Les méthodes actuelles d’analyse de la dynamique intracellulaire des cellules uniques polarisées sont souvent manuelles et manquent de standardisation. Ce manuscrit présente un nouveau pipeline d’analyse d’images pour automatiser l’extraction médiane de cellules polarisées uniques et quantifier le comportement spatio-temporel à partir de timelapses dans une interface en ligne conviviale.

Abstract

La polarité cellulaire est un phénomène macroscopique établi par un ensemble de molécules et de structures concentrées dans l’espace qui aboutissent à l’émergence de domaines spécialisés au niveau subcellulaire.

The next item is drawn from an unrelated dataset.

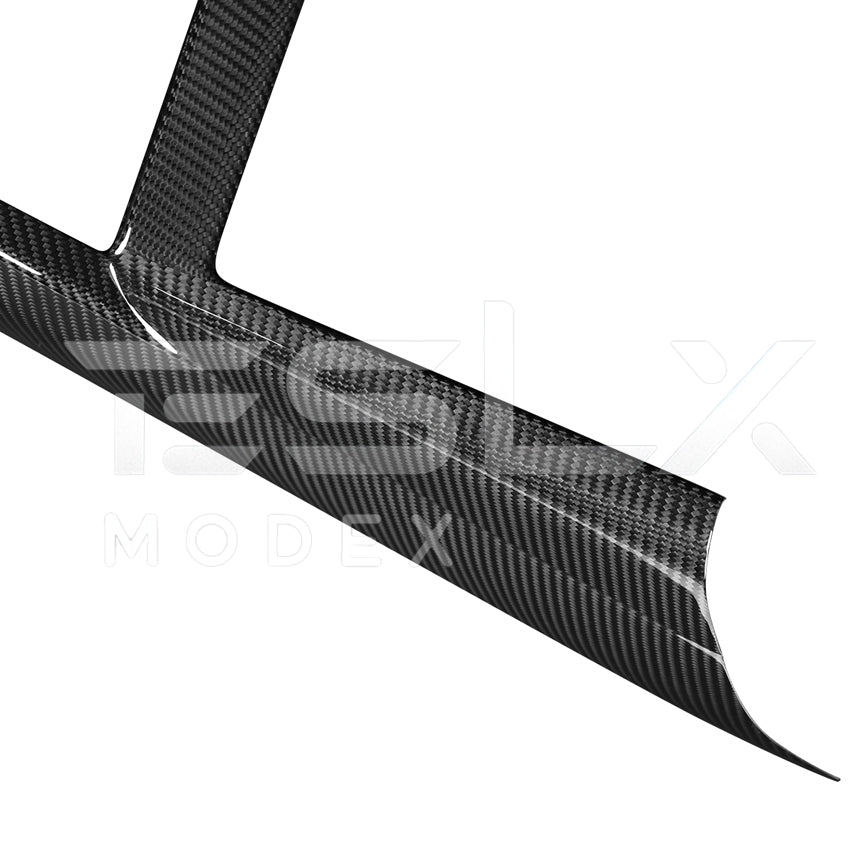 2024-Up Tesla Model 3, 2025-Up Model Y Carbon Fiber Interior Console Frame image 3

Il est associé au développement de structures morphologiques asymétriques qui sous-tendent des fonctions biologiques clés telles que la division, la croissance et la migration cellulaires. De plus, la perturbation de la polarité cellulaire a été liée à des troubles tissulaires tels que le cancer et la dysplasie gastrique.

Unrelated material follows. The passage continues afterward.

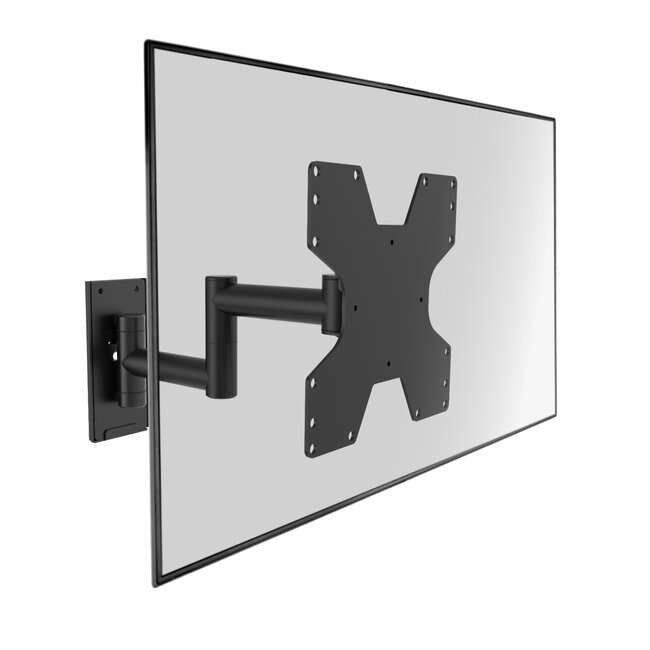Cavus Premium Full Motion Wandhalterung für Bildschirme bis 37 Zoll / 3 Drehpunkte - Schwarz beschichteter Stahl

Les méthodes actuelles d’évaluation de la dynamique spatio-temporelle des rapporteurs fluorescents dans les cellules polarisées individuelles impliquent souvent des étapes manuelles pour tracer une ligne médiane le long de l’axe principal des cellules, ce qui prend du temps et est sujet à de forts biais. De plus, bien que l’analyse ratiométrique puisse corriger la distribution inégale des molécules rapporteures à l’aide de deux canaux de fluorescence, les techniques de soustraction de fond sont souvent arbitraires et manquent de support statistique.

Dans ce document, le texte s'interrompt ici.